Commission must at last be open about anti-corruption policy

Foto: European Parliament / Plenaire vergaderzaal EP in Straatsburg.

In a joint declaration, the European Parliament’s cross-party Intergroup on Integrity, Transparency, Corruption and Organised Crime and the United Nations Office on Drugs and Crime (UNODC) have called on the European Commission to at last exhibit openness about its anti-corruption policy. The call was also supported by Council of Europe body the Group of States against Corruption, known by its French acronym of GRECO. SP Euro-MP Dennis de Jong, who is co-chair of the Intergroup, explained that “not only with the European Parliament but also in the UN and the Council of Europe the Commission has nothing to say about the reports on combating corruption in the EU, and in particular within the European Union institutions. In holding its tongue in this way the Commission is giving licence to countries both inside and beyond the EU to join them in failing to meet their reporting obligations.”

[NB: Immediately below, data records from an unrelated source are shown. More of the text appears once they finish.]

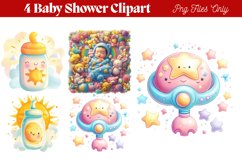 Baby Shower Clipart PNG Product Image 1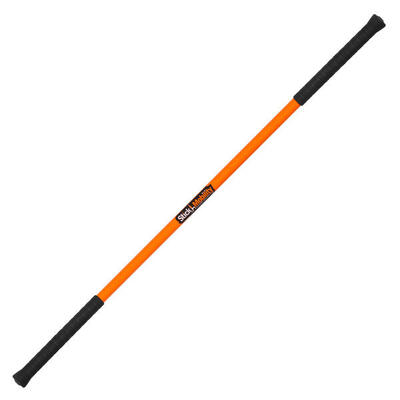 Trainings-Stick 150 cm Orange-Schwarz Functional Training Unisex Orange-Schwarz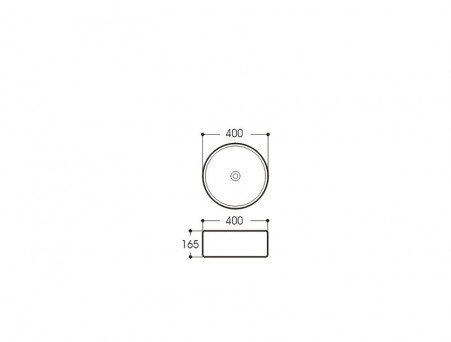 Раковина Накладная «Aquatek» Круглая, Белый, 400x400x165 (AQ5118-00)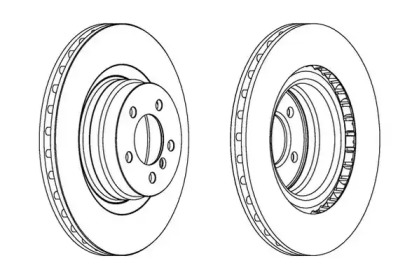 Тормозной диск JURID 563022JC-1
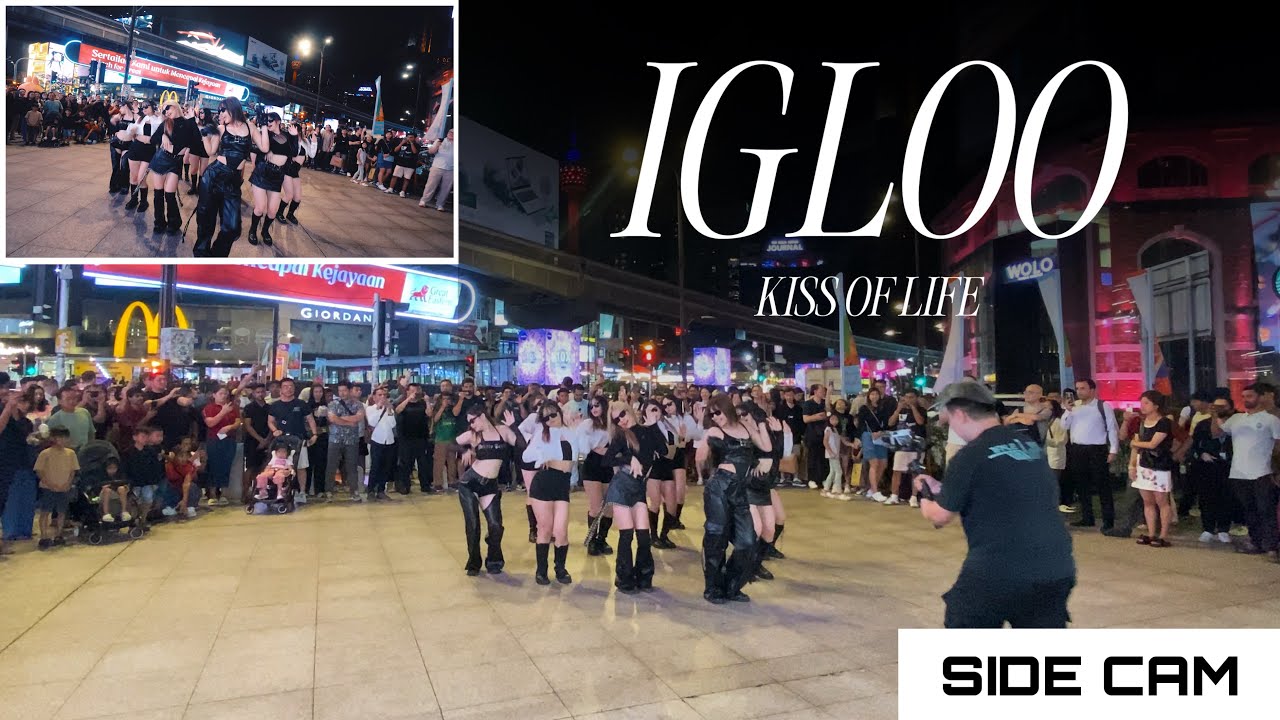 [SIDECAM | KPOP IN PUBLIC] KISS OF LIFE (키스오브라이프) 'IGLOO'  DANCE COVER by 1119DH | SN19 | MALAYSIA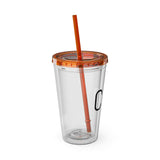 "CUP" Sunsplash Tumbler, Clear Insulated Drink Cup, Reusable Straw Cup, Summer Drinkware, Perfect for Celebrations & Everyday Use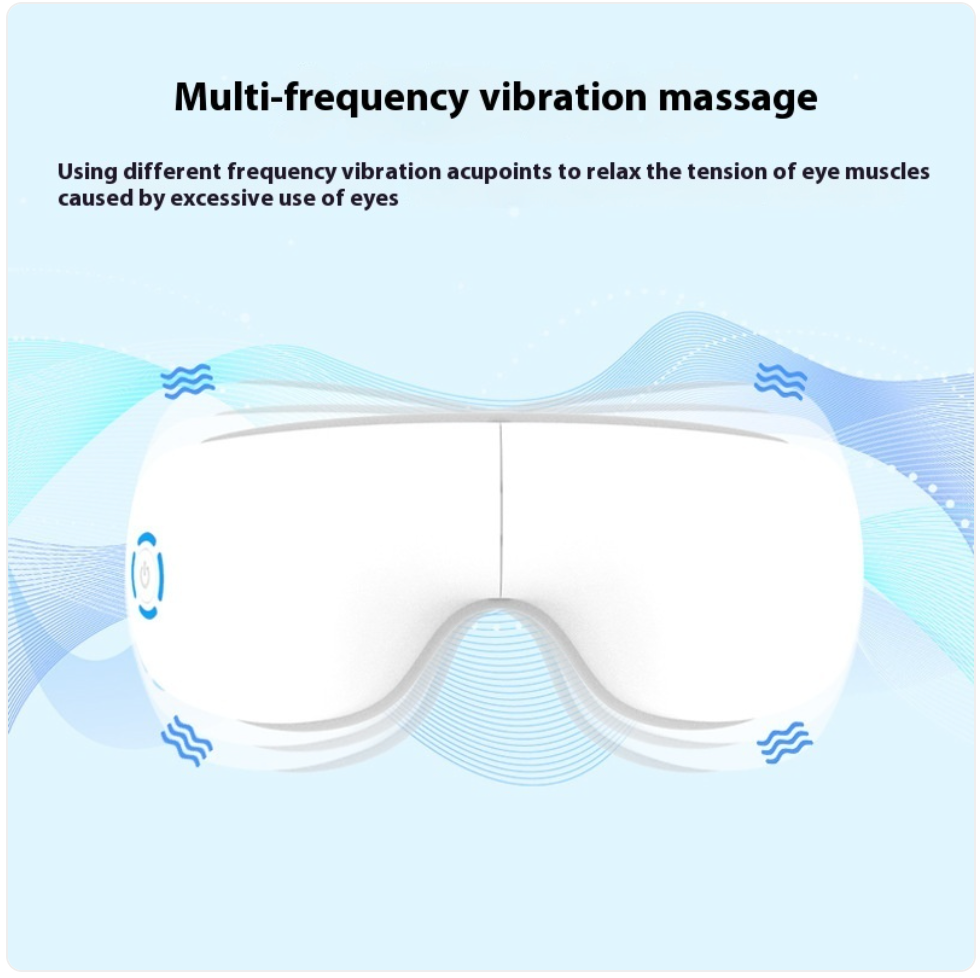 Bluetooth Eye Massager – Heated Vibration Therapy for Eye Relief & Relaxation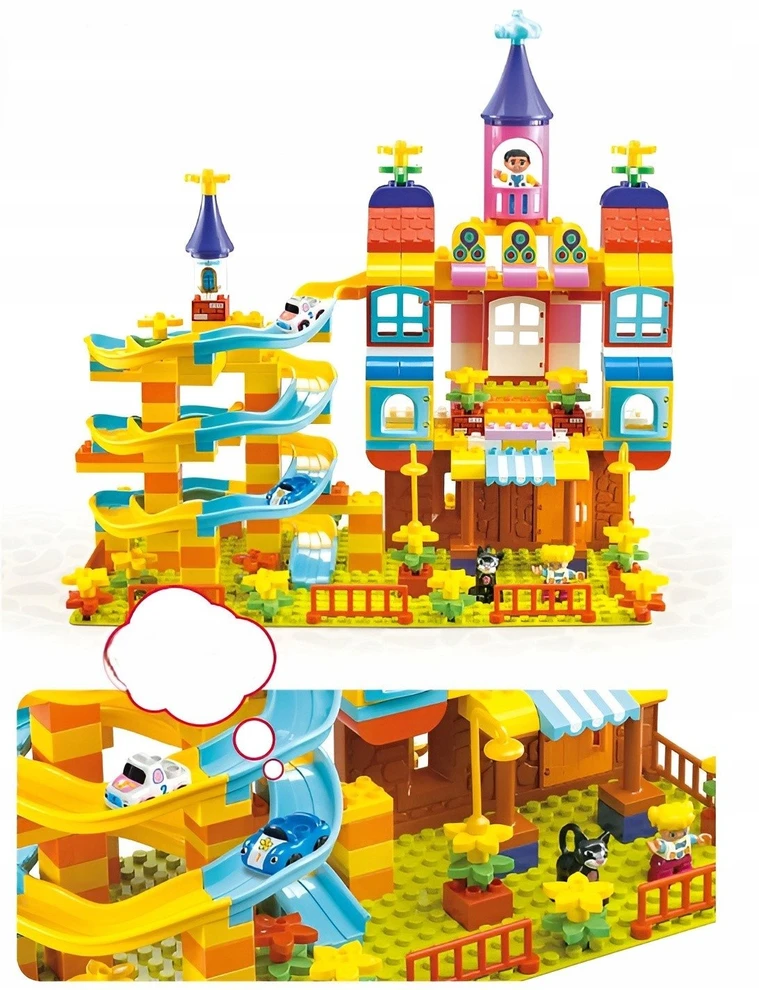 Lean Toys Bounn KONSTRUKCIJOS BLOKAI GERIAUSIA DOVANA VAIKUI DIDELIS KEKO RINKINYS 209 Vnt.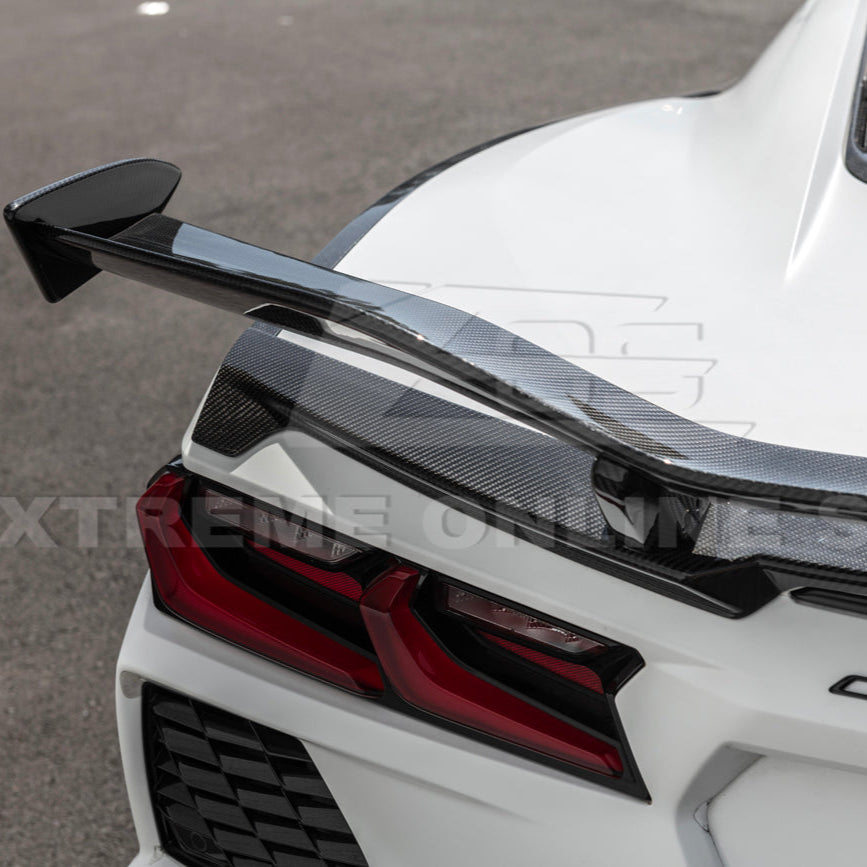 Z06 Conversion Corvette C8 All Model DRY CARBON FIBER Rear High Wing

The declaration includes a number of concrete demands. “We are insisting that the Commission produce their anti-corruption report this year, which is what they promised at the start of 2016, and that they fulfil their obligations in the framework of the UN,” said De Jong. “We also want to know why they still haven’t succeeded in becoming party to the Council of Europe’s anticorruption mechanism, GRECO. The Commission ought to be setting a good example, not a bad one.”

The Commission is hiding behind all sorts of legal obstacles in the framework of both the UN and the Council of Europe. “The EU is party to the UN Treaty and so there can’t possibly be any legal problem,” insists De Jong. “And if there are legal obstacles to becoming party to GRECO, then the Commission should at least tell us what they are, which to date they have not done with any clarity. In any case, the Commission could simply make agreements with GRECO on a voluntary basis. GRECO could, for example, deliver the basic material for the report on combatting corruption in the EU which the Commission has promised the EP it would produce.”